花花闻言不好意思挠挠头:“上次实在没忍住,跟雷尔哥说了一嘴。”
“不够,你这就是典型的婚前恐惧症!几乎人人婚前都会胡思乱想,等真办完婚礼、踏踏实实过日子,说不定这些纠结别扭一下子就全好了。”
我垂着脑袋声音蔫蔫的:“可我跟别人不一样,我一开始就是贪图他有钱有靠山,一想到这事我就心里发虚。”
花花挨着我坐到化妆台前,伸手给我顺了顺凌乱的碎发,半开玩笑逗我松心。
“害,多大点事儿,谁谈恋爱不图点东西?有人图温柔体贴,有人图陪伴安稳,你图日子不愁吃穿怎么了,又不丢人。”
她挤了挤眼睛,打趣道:“再说人家对你大方到这份上,保镖专门给你配,黑卡随便你刷,换别人早就偷着乐了,也就你天天自我反省,跟自我审判似的。”
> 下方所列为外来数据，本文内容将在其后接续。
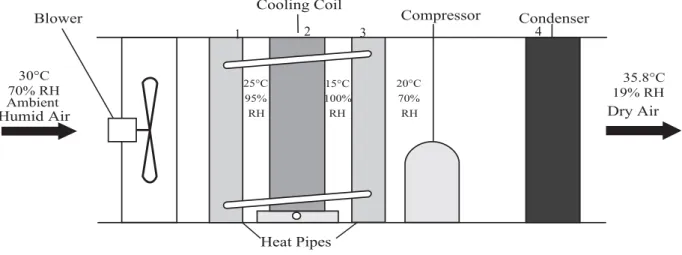 FIGURE 2.   Air treatment and examples of typical temperatures and relative humidities at various stages before passing through the seed mass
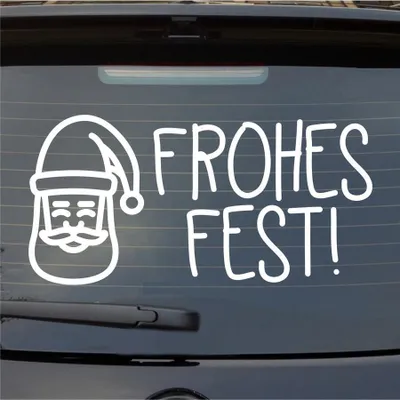 Produktbild von Heckscheibenaufkleber Fohes Fest Santa Claus Weihnachten Christmas 55x27 cm Weiss Matt Auto Aufkleber Sticker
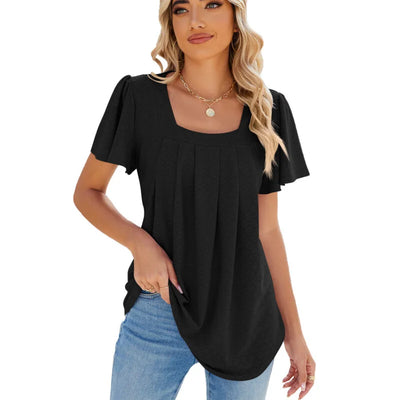 Pure Color Square Collar Wrinkled Short Sleeved Loose T-Shirt Blouse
“等婚后天天有人兜底,想买什么不用犹豫,到时候你只会觉得当初选对了,哪还有功夫纠结现在这点小心思。”
花花顿了顿,又凑过来压低声音开玩笑:“而且等结完婚,名正言顺花他的钱,心安理得有人护着,到时候你怕是连今天这份纠结都想不起来。“
“实在不行,婚后要是还难受,大不了撒个娇让你对象多哄哄你,他那么疼你,肯定什么都顺着你。”
雷尔在旁边听得无奈失笑,跟着附和:“花花说得有道理,你最近连轴排练太累,情绪才格外敏感。别把所有压力都自己扛,婚前焦虑只是暂时的。”
我扯了扯嘴角,勉强挤出一点笑意。
休息室的房门虚掩着,依娜安静站在门外走廊阴影里,一身笔挺黑西装,脚步放得极轻,没有发出半点声响。
她是伊尔迷亲自指派过来的人,听觉远超常人,房间里的话一字不落地尽数落进她耳中。
她面上依旧没什么波澜,看不出半分讶异,垂在身侧的手指轻轻蜷了一下。
片刻后,依娜无声转身,安静退到走廊角落等候,打算晚间如实把休息室这番对话,完整转述给伊尔迷。